Филипп явно заботился прежде всего о том, чтобы было понятно Селянину.

— Такой же способностью обладают и муравьи. Когда возникнет задача, которую инстинкт решить не в силах, муравьи вначале бестолково суетятся, мешают друг другу, а потом неожиданно, как будто по чьей-то разумной команде, в полном порядке начинают делать то, что надо. Срабатывает все та же поразительная способность объединять в единый мозг нервные центры множества муравьев. Заметили эту способность еще в твое время, в двадцатом веке, Валентин. Заметить-то заметили, а вот разгадать, с помощью каких нервных импульсов объединяются нервные центры множества особей, не смогли. Это сумели сделать только через сто лет. Ну а Даниэль Иркут шагнул еще дальше, создал аппаратуру, которая позволяет объединить мозг многих людей в один коллективный мозг. Вот и все. Коротко, конечно.

— Спасибо и за сказанное, дорогой, — поблагодарил Халил. — Правда, Валентин, все просто, с виду даже очень просто?

Валентин неопределенно пожал плечами.

— У тебя неладно на душе, капитан? — обратилась к нему Эля. — Осталось полчаса до посадки. Я давно хочу сообщить тебе — утром у меня был разговор с Ильей Петровичем… Нет, он крепится… Ты не хотел бы повидаться с ним?

— Сейчас? И менять курс?

— Нет. Вызови его к панораме. Она за стеной…

Рядом с Валентином возникла коричневая стена и овальная сверху дверь.

— Пожалуйста, — пригласила Эля в небольшую комнатку с экраном видеопанорамы и двумя креслами. — Я не решилась сказать тебе сразу. Вызываю…

А вскоре видеопанорама воспроизвела облик Ильи Петровича, его жесты, голос.

— Я давно жду, Валентин… Хотел сам связаться с тобой, но кто-то из профилакторов запретил разговоры и встречи. А мне очень нужно было увидеть тебя. Мне и Анне Васильевне. Она уехала час назад. Я отправлюсь следом. Но мы найдем тебя вместе с нею. Ты разрешишь? Я рассказывал ей о тебе… о том, что ты потерял отца и мать, друзей, все дорогое и привычное… Но не сдался. Я все рассказал ей. Но лучше, если вы встретитесь. Это ей… мне… Я держусь.

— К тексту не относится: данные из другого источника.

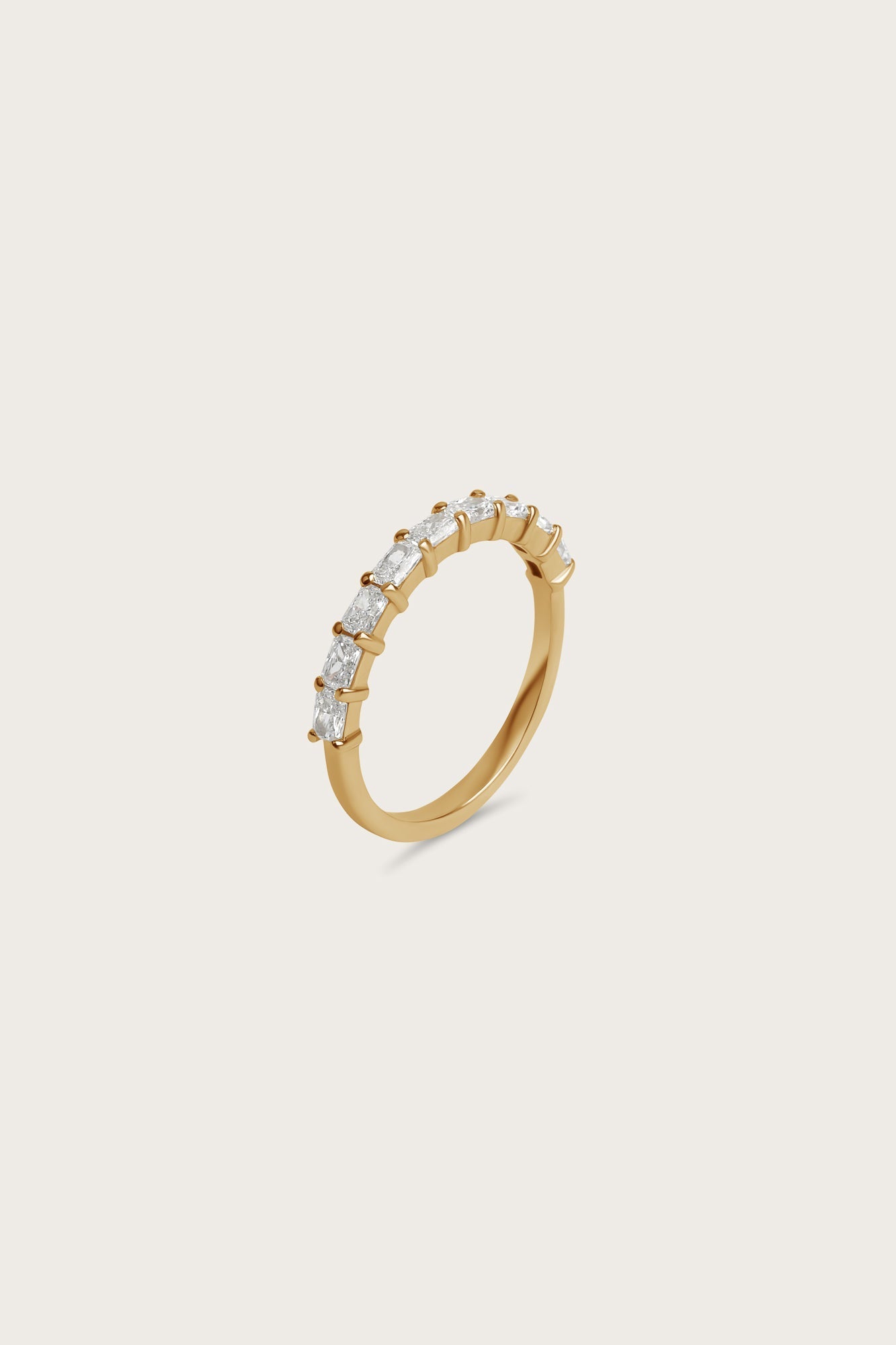 0.2 TCW Round Diamond Curved Pave DEF/VVS Lab Grown Wedding Band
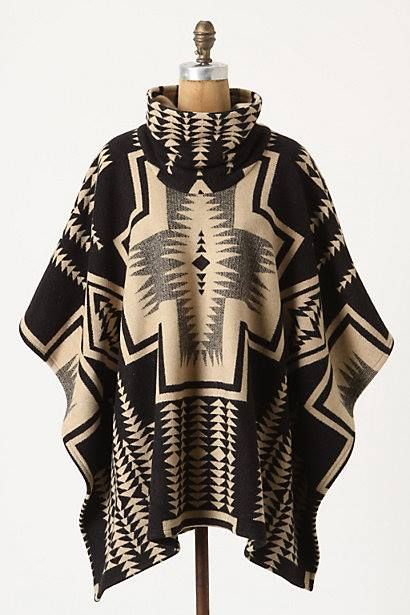 Poncho Native American Pendleton Portland Collection, Mode Country, Native Fashion, Poncho Coat Cape, Wool Poncho, American Clothing, Cape Coat, Native American Fashion, Poncho Cape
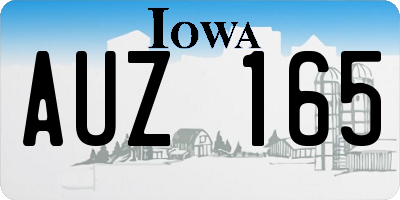 IA license plate AUZ165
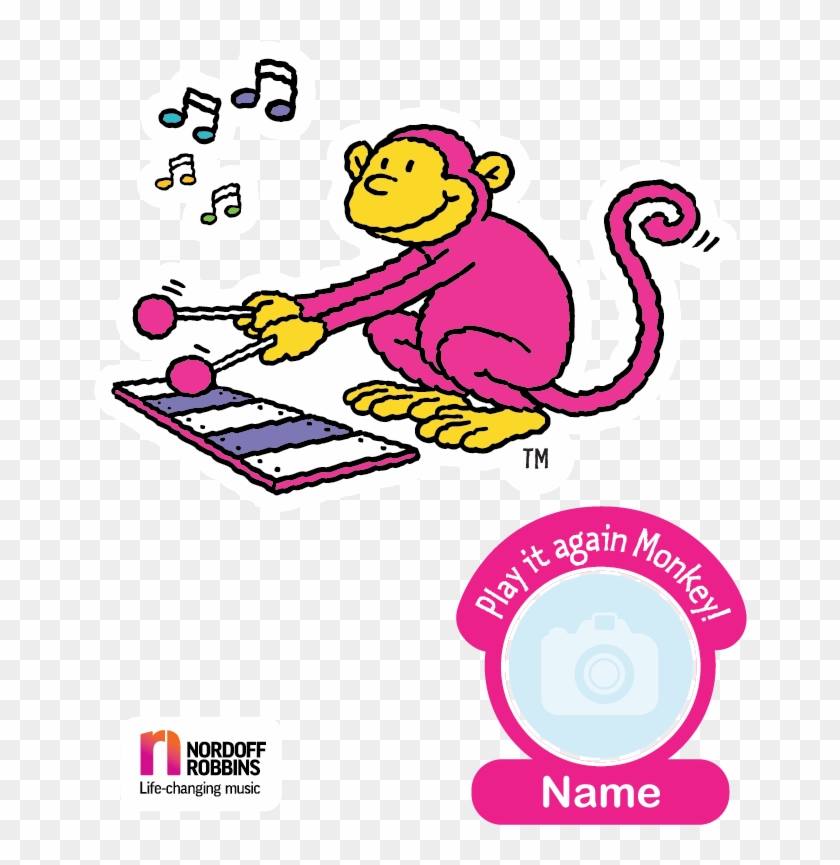 Monkey Music T-shirt - Cartoon #1432823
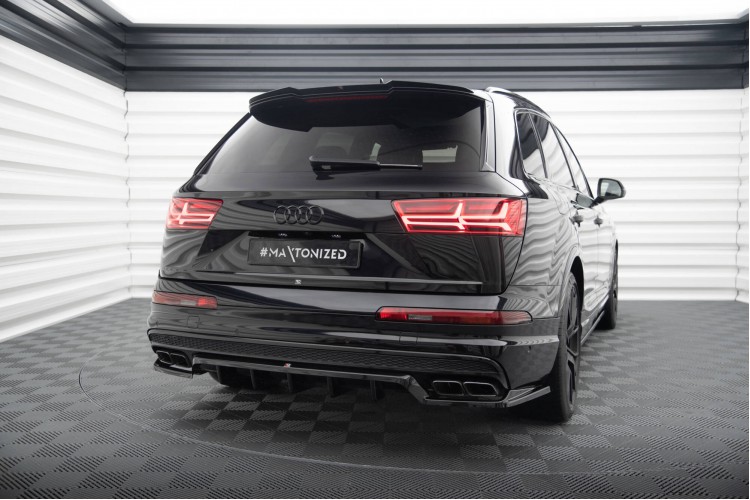 Πίσω Splitter (με κάθετες ράβδους) Audi SQ7 / Q7 S-Line Mk2
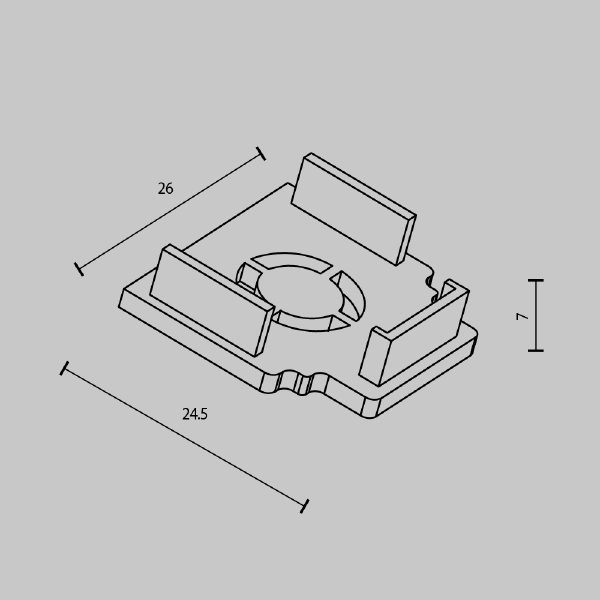 Заглушки для встраиваемого низкопрофильного шинопровода Exility 2шт Maytoni Accessories for tracks Exility TRAM034EC-42B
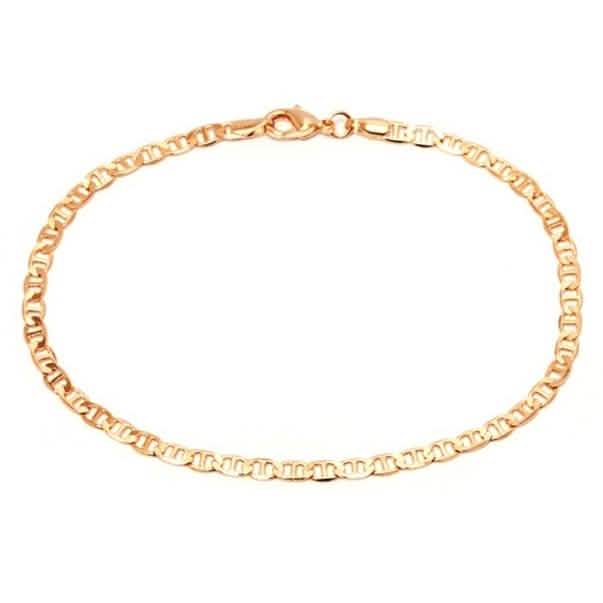 Sevil 18K Gold Filled Flat Marino Anklet by DailySale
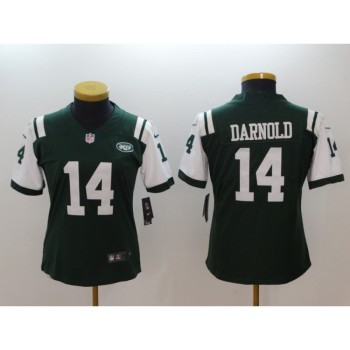 Women's NFL New York Jets #14 Sam Darnold Green 2018 Draft First Round Vapor Untouchable Limited Stitched Jersey Women's NFL New York Jets #14 Sam Darnold Green 2018 Draft First Round Vapor Untouchable Limited Stitched Jersey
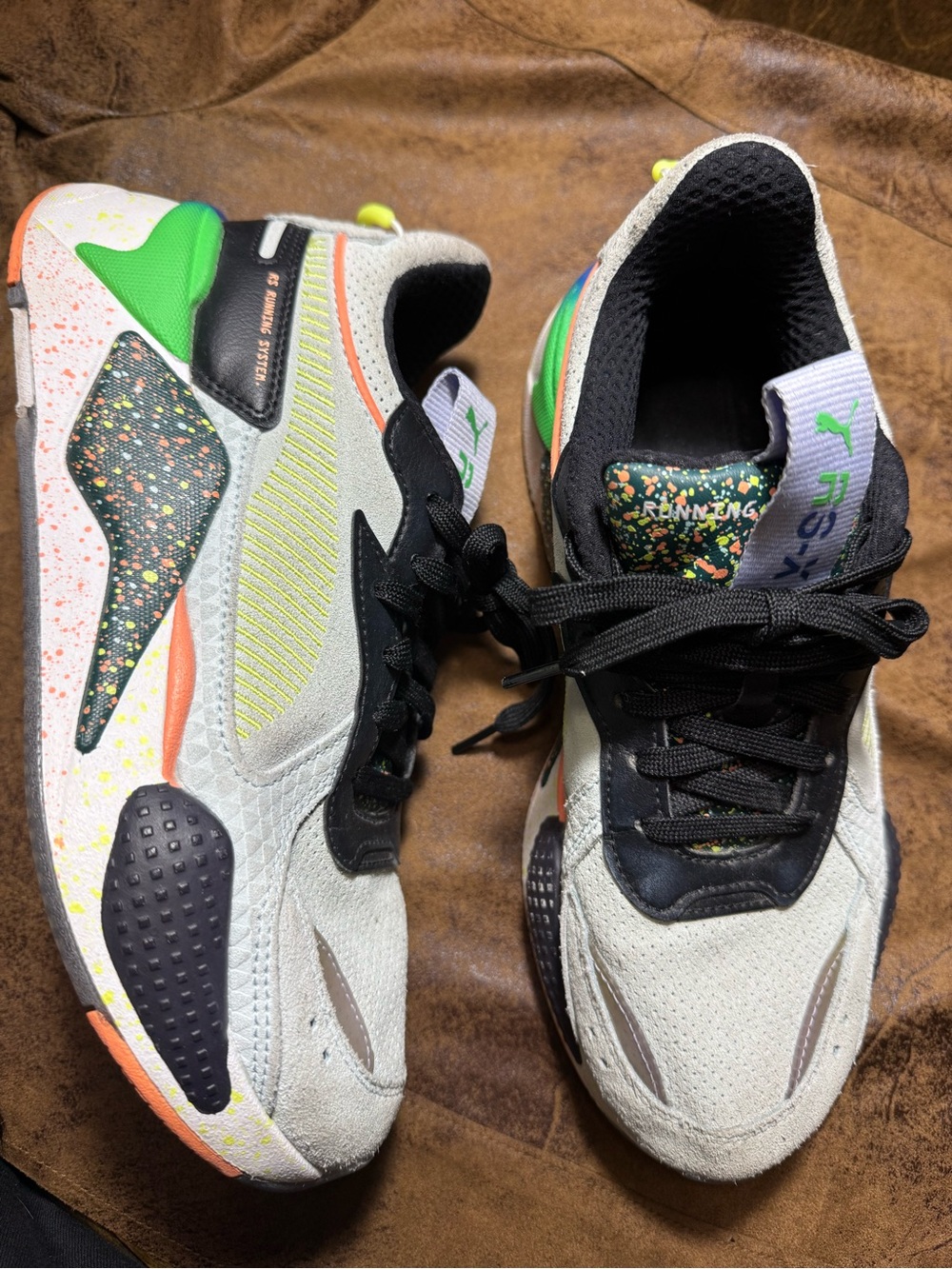 65. Puma RS-X Fourth Dimension Aqua Ponderosa Green RSX 372856-01 Shoes Mens 7C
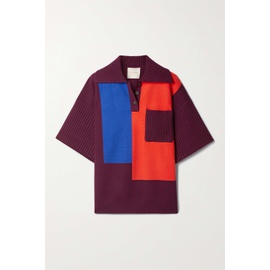 ROKSANDA Color-block knitted polo shirt | NET-A-PORTER 790744863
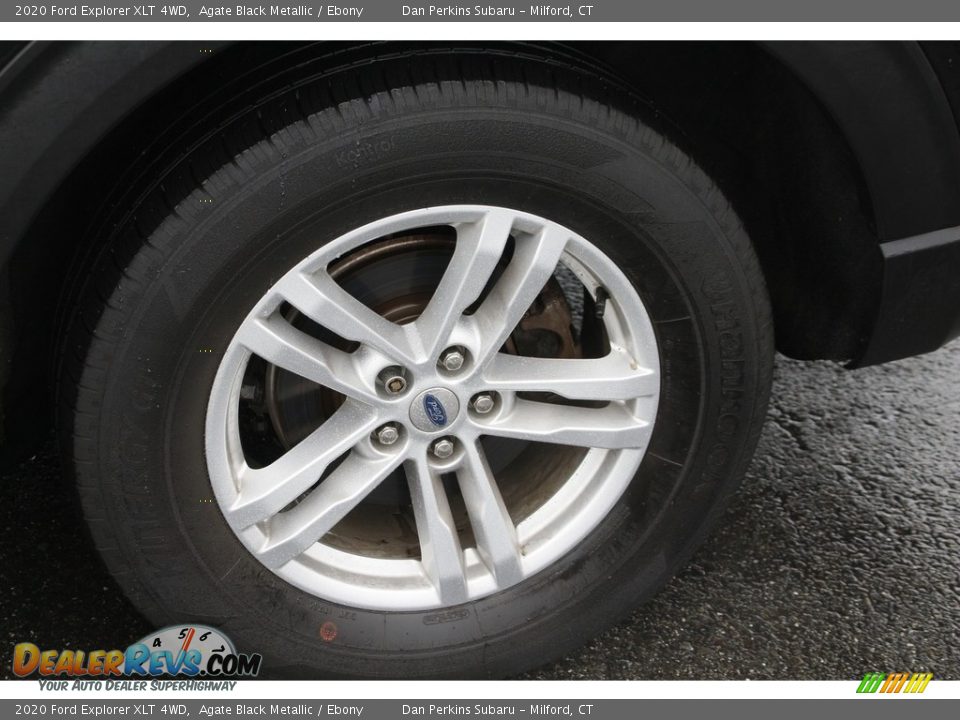2020 Ford Explorer XLT 4WD Agate Black Metallic / Ebony Photo #23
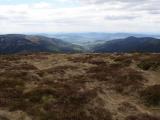 Krlick Snnk - vrchol - pohled do dol Horn a Doln Moravy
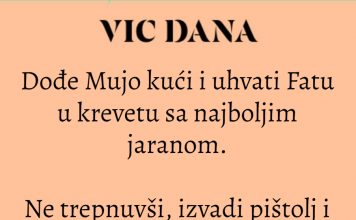 VIC: Mujo uhvatio Fatu s najboljim jaranom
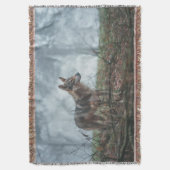 Wolfdog Deken (Voorkant Verticaal)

Ты тоже держись.

Валентин безмолвно кивал, потому что боялся выдать боль за Илью Петровича и за себя тоже.

— Мы с Аней встретим корабль… оттуда… с дочерью… продолжал Илья Петрович. — Нам разрешили вылететь навстречу, в космос.

И Валентин опять кивал, соглашаясь: да-да, надо встретить, как не сделать этого?.. В его время тоже встречали. Правда, выезжали ради этого не в космос, нет. На вокзал выезжали, в багажное отделение. И редко, очень редко. Слишком много было погибающих? Бедными были? Во время войны с Гитлером только в Советском Союзе смерть обрывала ежедневно тринадцать тысяч жизней. Ежедневно! А за всю войну около двадцати миллионов. Жуткая приблизительность: «около»…

Ведь каждая потеря — это человек, молодой, сильный, полный надежд на счастье человек, это отцы и матери, страдавшие, как Илья Петрович с женой… «Около»… Когда не добрался на стройку Валентин, грустили друзья. Родных у него не осталось, а Ольга — ей было спокойнее, что он скрылся и не подает вестей. Так было. Это и к лучшему, если так было.

Странно, встреча была грустной, однако она придала Валентину сил. Да, ему нелегко и будет еще долго нелегко. Но он верил, что сладит с трудностями.

Эля была расстроена больше, чем Валентин, и он прикоснулся, успокаивая, к ее руке. Эля вздрогнула, но руку убрала не сразу.

Внезапно начался спуск, осторожней, однако заметный. Тотчас донесся возглас незнакомой Валентину женщины.